Organ Without Body (2019)
How do we create augmented reality by bringing the virtual world into the physical, rather than the other way around? Often nowadays, the concept of AR brings to mind creations like Snapchat filters, and Pokemon GO: screen-based realities that take in camera input and overlay it with virtual assets.
We wanted to deliver AR without the use of the screen, and show the virtual world without really showing it. By bringing it into the physical world, we would be able to make AR a shared experience. Jumping off that, we researched the idea of absence, of what was left behind, and came up with shadows.
In Organ Without Body--the title an inversion of French philosopher Gilles Deleuze’s “body without organs”--we project the shadow of a virtual object in order to show the physicality of its existence. The plinth in the installation setup connotes the placement of an artwork, though it remains empty--physically.
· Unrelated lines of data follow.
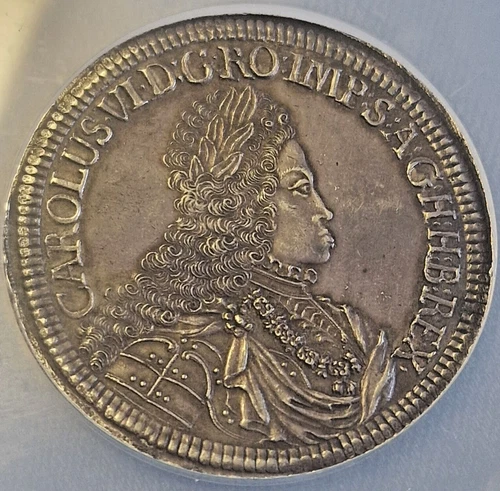 1719 AUSTRIA 2T HALL DAV-1049 RARE 2 TALER COIN NGC MS61 SILVER RARE ANTIQUE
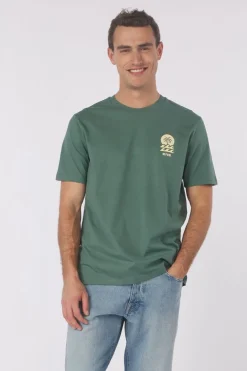 Sale STRØM T-Shirt Wave Blue Denim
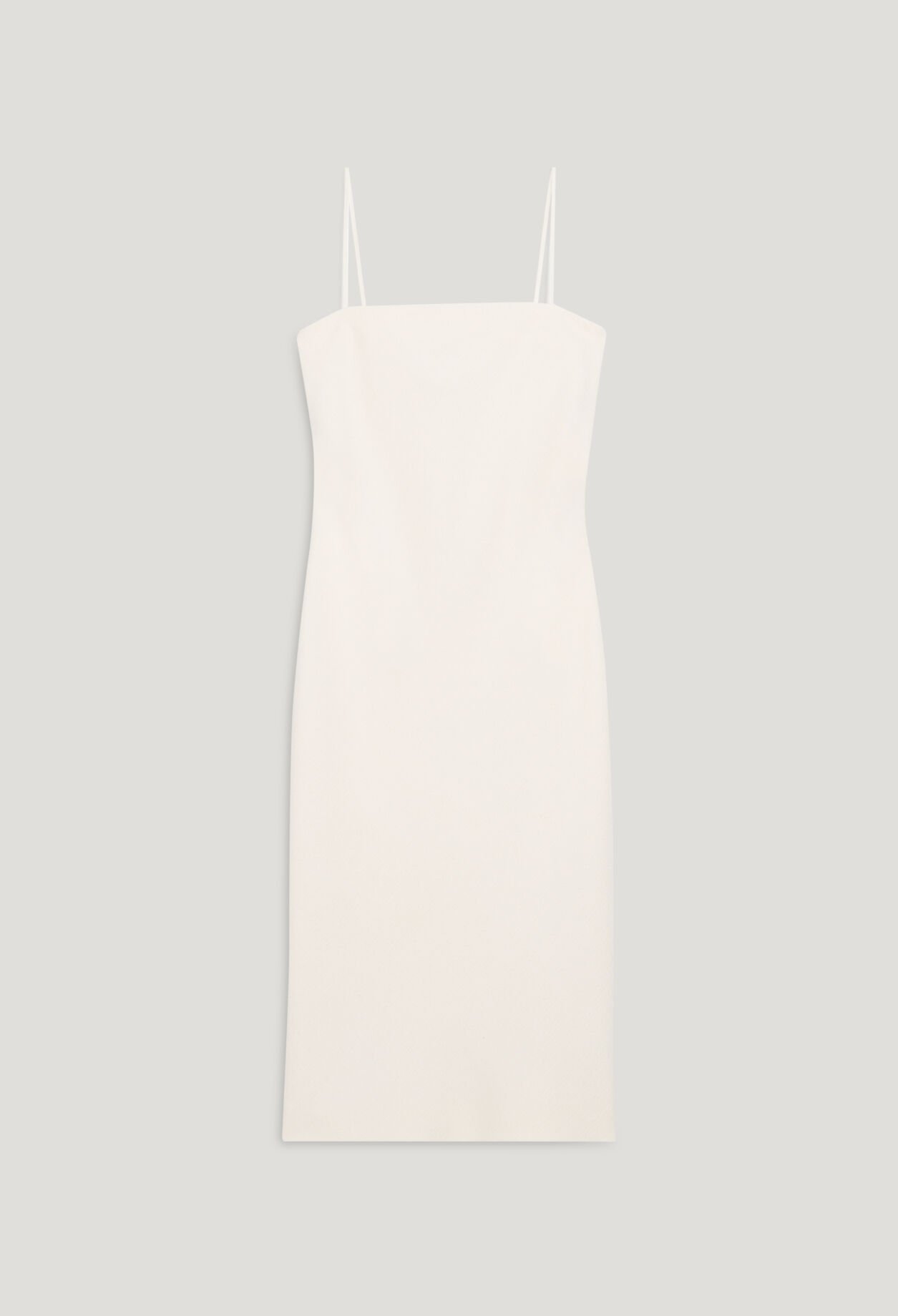 Kurzes Schlauchkleid Ecru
In the virtual world, a breathing heart beats atop the plinth, and the audience is clued in to that world by the moving shadow it “casts”. As well, a deep, reverbing heartbeat sound fills the room, as if it were emanating from the space above the plinth. It’s repetitive dialogue grounds the viewer in the scene, and further in reality.
Beyond that, an interactive component exists through the audience’s ability to control the spotlight and subsequently the visible shadow using a game controller. This ability to interact and interface with the object allows the audience to achieve a pseudo-physical feel of the volume of the beating heart, and creates a deeper, more interesting immersive experience.
Created in Unreal in partnership with Ahmed D.